3.10.15

Reflexão ou puro paternalismo de Estado?



Sempre considerei uma pura aberração esta interrupção de quase dois dias num processo em que os cidadãos deviam ser considerados adultos e não simples marionetas nas mãos de um legislador zeloso, agora «envernizado» com modernices de censura nas redes sociais. Mas dou a palavra a Nuno Brederode Santos, num texto magnífico publicado no Diário de Notícias de 15.07.2007

«A reflexão imposta por lei é o produto directo e linear de uma transição democrática. Ao cabo de quase meio século de cidadania mutilada, o seu pleno exercício, pelos cidadãos em tirocínio que nós éramos, parecia aconselhar medidas dessas.

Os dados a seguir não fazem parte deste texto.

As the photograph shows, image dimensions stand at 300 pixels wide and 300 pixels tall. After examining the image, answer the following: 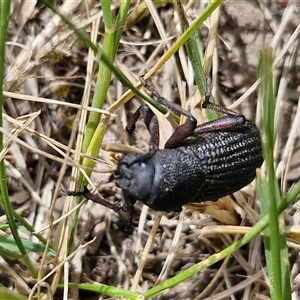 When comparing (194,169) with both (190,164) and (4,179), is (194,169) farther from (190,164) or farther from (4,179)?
(4,179)

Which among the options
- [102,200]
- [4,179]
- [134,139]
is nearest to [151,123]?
[102,200]

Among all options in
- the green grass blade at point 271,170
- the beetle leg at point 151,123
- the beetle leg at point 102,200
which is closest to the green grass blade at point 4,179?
the beetle leg at point 102,200

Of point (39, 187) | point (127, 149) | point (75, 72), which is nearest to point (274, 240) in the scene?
point (127, 149)

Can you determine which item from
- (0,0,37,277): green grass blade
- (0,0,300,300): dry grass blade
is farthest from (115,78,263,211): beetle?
(0,0,37,277): green grass blade

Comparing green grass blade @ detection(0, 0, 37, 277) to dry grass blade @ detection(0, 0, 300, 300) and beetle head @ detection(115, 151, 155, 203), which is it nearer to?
dry grass blade @ detection(0, 0, 300, 300)

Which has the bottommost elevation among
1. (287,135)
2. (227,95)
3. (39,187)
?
(39,187)

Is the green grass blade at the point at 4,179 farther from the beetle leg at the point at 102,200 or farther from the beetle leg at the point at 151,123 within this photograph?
the beetle leg at the point at 151,123

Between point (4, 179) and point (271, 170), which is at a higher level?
point (271, 170)

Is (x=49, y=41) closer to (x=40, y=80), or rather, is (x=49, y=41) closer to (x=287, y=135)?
(x=40, y=80)

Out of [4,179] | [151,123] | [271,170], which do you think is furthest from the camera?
[151,123] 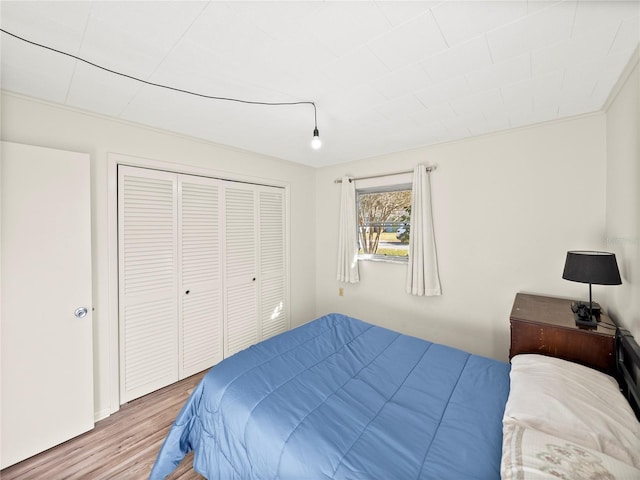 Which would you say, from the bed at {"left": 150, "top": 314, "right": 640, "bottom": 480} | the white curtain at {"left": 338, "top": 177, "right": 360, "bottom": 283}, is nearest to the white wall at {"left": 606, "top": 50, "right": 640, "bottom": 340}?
the bed at {"left": 150, "top": 314, "right": 640, "bottom": 480}

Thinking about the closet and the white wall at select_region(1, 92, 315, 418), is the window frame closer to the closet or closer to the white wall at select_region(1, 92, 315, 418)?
the closet

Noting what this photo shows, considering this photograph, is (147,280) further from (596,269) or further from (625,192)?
(625,192)

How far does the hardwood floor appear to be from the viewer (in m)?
1.62

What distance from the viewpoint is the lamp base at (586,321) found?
163 cm

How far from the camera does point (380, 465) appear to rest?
1.06 meters

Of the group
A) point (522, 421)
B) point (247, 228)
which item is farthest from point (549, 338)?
point (247, 228)

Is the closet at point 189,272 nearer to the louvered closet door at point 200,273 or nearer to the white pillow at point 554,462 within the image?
the louvered closet door at point 200,273

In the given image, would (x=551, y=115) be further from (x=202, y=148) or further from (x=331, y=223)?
(x=202, y=148)

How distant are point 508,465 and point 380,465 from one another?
460 millimetres

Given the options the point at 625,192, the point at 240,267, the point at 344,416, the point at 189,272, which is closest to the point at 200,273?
the point at 189,272

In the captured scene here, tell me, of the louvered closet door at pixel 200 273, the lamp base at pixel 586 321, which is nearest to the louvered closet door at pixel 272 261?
the louvered closet door at pixel 200 273

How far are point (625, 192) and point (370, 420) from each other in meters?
2.07

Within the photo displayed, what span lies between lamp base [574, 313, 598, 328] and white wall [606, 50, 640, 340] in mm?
133

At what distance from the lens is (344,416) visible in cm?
133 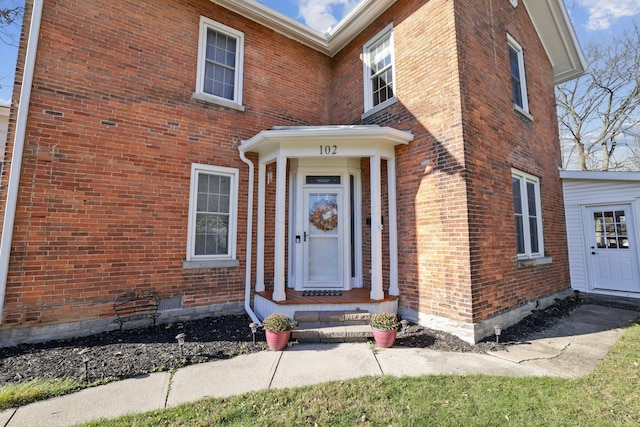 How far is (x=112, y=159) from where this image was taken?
16.2 feet

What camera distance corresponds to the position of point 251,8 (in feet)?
21.2

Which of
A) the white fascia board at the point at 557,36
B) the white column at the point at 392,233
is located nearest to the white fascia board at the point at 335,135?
the white column at the point at 392,233

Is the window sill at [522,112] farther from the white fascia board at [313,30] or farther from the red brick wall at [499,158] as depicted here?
the white fascia board at [313,30]

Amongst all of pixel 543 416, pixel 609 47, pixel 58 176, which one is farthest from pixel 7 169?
pixel 609 47

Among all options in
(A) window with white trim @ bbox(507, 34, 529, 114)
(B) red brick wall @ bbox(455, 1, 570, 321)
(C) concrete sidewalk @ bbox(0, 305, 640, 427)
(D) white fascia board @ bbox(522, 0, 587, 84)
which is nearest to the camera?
(C) concrete sidewalk @ bbox(0, 305, 640, 427)

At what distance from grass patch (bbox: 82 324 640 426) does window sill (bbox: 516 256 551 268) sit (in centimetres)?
244

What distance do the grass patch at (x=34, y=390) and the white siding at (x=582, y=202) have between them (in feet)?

Mas, trinta e tal anos e dezenas de votações depois, a sua subsistência é a manifestação de um puro paternalismo de Estado. (...)

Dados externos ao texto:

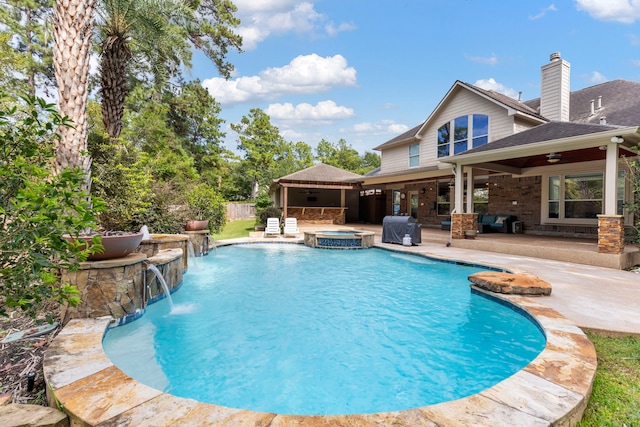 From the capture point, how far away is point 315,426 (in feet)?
5.87

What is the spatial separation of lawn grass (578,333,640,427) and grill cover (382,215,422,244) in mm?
7812

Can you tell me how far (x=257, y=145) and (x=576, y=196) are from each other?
31.0 meters

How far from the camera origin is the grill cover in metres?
11.2

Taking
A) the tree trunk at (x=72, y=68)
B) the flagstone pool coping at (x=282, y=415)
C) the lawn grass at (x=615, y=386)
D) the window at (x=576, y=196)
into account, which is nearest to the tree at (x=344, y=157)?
the window at (x=576, y=196)

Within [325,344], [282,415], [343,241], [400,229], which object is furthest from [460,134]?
[282,415]

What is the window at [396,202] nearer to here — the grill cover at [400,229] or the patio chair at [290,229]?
the patio chair at [290,229]

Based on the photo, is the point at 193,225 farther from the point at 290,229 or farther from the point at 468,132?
the point at 468,132

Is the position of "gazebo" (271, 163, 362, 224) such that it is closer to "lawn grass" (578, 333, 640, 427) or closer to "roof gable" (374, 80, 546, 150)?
"roof gable" (374, 80, 546, 150)

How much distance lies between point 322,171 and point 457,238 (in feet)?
35.9

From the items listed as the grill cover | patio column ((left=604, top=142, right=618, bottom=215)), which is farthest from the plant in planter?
patio column ((left=604, top=142, right=618, bottom=215))

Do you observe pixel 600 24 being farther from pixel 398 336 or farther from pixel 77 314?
pixel 77 314

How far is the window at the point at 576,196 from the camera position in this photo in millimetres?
10984

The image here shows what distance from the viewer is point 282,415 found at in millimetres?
1889

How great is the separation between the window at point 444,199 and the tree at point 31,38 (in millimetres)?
22805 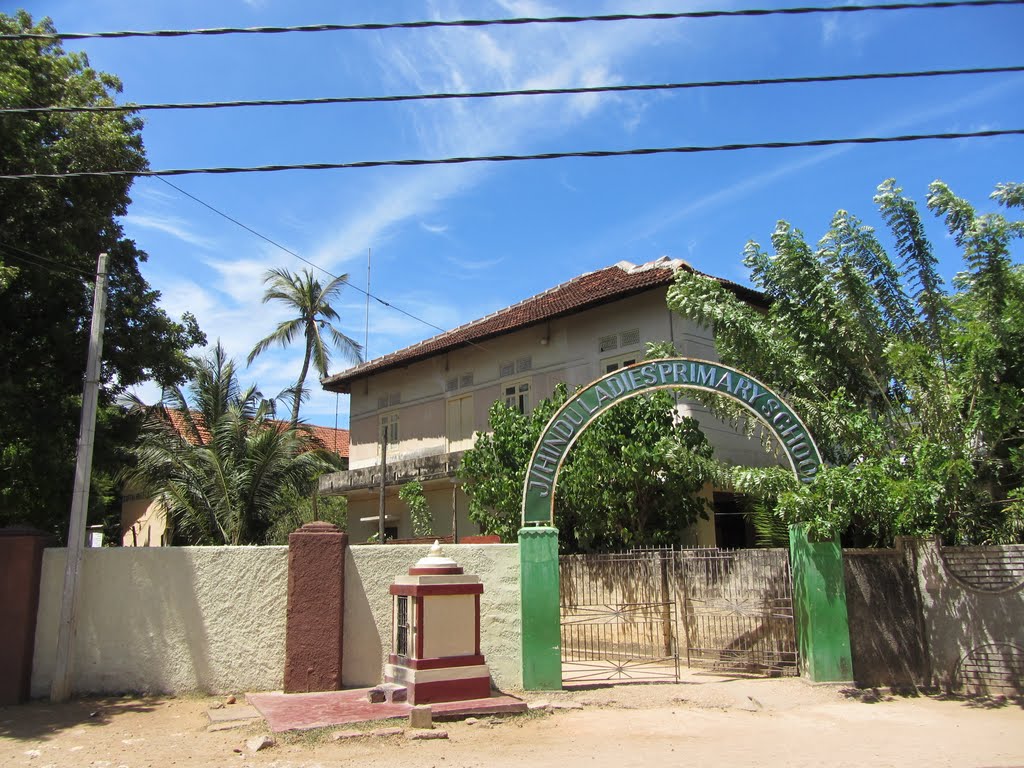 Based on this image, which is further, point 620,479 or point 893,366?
point 620,479

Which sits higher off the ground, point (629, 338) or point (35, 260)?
point (629, 338)

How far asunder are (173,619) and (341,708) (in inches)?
98.8

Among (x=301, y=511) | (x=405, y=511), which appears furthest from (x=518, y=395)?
(x=301, y=511)

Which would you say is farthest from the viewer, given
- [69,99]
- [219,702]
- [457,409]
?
[457,409]

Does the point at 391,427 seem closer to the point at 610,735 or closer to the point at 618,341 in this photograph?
the point at 618,341

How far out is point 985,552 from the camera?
982cm

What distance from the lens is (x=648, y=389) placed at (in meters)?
11.4

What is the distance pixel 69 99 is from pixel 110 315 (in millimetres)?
3459

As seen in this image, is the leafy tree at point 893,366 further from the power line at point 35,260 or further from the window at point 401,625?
the power line at point 35,260

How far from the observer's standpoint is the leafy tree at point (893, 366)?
10.1 meters

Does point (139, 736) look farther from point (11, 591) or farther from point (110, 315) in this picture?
point (110, 315)

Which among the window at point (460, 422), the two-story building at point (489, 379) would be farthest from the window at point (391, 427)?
the window at point (460, 422)

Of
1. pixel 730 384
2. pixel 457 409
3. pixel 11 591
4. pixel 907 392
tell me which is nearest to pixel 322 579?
pixel 11 591

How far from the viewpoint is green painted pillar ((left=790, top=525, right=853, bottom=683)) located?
32.9 ft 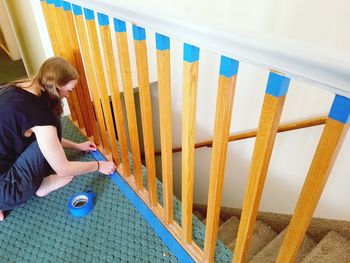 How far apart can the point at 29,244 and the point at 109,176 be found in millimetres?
491

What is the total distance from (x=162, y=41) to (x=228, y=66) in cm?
25

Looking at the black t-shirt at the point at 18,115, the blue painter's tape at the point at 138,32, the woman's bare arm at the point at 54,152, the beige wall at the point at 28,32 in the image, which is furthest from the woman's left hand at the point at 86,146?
the blue painter's tape at the point at 138,32

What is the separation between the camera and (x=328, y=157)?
1.60 feet

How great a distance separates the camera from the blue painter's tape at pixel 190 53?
0.66 metres

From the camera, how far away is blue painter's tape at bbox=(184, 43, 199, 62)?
66cm

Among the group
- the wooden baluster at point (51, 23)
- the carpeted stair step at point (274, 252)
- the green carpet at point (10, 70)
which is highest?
the wooden baluster at point (51, 23)

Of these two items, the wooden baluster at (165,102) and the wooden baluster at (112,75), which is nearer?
the wooden baluster at (165,102)

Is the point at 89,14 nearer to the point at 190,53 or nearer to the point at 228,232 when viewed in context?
the point at 190,53

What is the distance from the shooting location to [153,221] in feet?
4.12

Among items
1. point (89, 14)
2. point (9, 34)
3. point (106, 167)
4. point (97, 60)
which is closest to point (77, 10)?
point (89, 14)

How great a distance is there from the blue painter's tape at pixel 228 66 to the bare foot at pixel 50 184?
1133mm

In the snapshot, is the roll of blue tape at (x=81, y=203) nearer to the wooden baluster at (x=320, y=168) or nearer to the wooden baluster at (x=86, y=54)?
the wooden baluster at (x=86, y=54)

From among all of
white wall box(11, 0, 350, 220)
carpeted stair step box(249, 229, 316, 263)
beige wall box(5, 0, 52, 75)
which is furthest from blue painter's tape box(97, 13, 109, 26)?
carpeted stair step box(249, 229, 316, 263)

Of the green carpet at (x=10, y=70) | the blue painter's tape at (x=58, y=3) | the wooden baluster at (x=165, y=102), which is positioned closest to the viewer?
the wooden baluster at (x=165, y=102)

Ora, porque assim não é, o dia de reflexão torna-se estranho, enevoado e penoso de viver. Há uma bruma anómala à nossa volta e parece que nos movemos numa second life onde cada olhar é um espanto e cada passo uma aventura. De manhã, no café, primam pela ausência os amigos e vizinhos mais político-dependentes. E os demais avatares que pontuam a esplanada são seres desconhecidos, translúcidos e dotados de sorrisos lentos e mãos que mexem como num espaço sem gravidade. É assim nas Amoreiras velhas, uma amável aldeia urbana, logo pela manhã. Mas é assim também em Campo de Ourique, cidade na cidade, bairro onde nasci e ao qual muito me liga ainda. (...)

É nesse ambiente equívoco, feito de trocas de olhares entre gente vagamente conhecida, que se gera uma forma bizarra de cerimónia cívica, por força da qual ninguém diz nada que remotamente evoque as eleições iminentes. Como se a opinião de um pudesse lesar, ou contagiar, o outro. Ou o juízo deste, que na véspera teria sido de seu inteiro direito, fosse hoje um abuso ou uma agressão. A meio do dia, já quase preferimos não conhecer ninguém. É certo que, quando eu nasci, também não conhecia cá ninguém. Mas, demasiadas décadas depois, um exercício de quase regresso ao útero materno violenta uma vida inteira de direitos adquiridos. É maçador, embaraçoso - enfim, em sentido próprio, um atraso de vida.

Ignoro que remédio lhe dão os mais destemidos. Por mim, recolho às vantagens práticas de uma resposta tímida e timorata à situação: recolho a casa. Onde não terei serenidade psicológica para ler, nem vertigem activista para escrever. Olharei bovinamente para a televisão, na esperança (sempre) vã de ver passar, por entre as pálpebras a meia haste, o relance de um candidato, a sombra de um eleitor ou, ao menos, o olhar cúmplice de um "pivot" de telejornal a transmitir-me qualquer coisa que se assemelhe, já não a solidariedade, mas pelo menos a um pouco de compreensão. Em vez disso, porém, serei bombardeado com desastres de viação, fogos frustrados, crimes passionais e patetices ditas "sociais" de "celebridades" que o não são. Com sorte, terei talvez o comendador Berardo a explicar mais uma iniciativa altruísta. Ou até um dirigente da oposição a dizer que exige ao poder o que não pode dar e um governante a dar-me aquilo que já é meu. Depois, terei minuciosas e por vezes ininteligíveis notícias sobre acontecimentos políticos, mas da Europa e do Mundo, onde a maldição não chega. E, logo que se tenha dado despacho a quase vinte minutos de electrodomésticos, automóveis, detergentes, telemóveis e supermercados, servir-me-ão os eventos do mundo admirável da época das transferências no futebol nacional.

Está escrito, vai ser assim. E, pelos vistos, até que a morte nos separe.»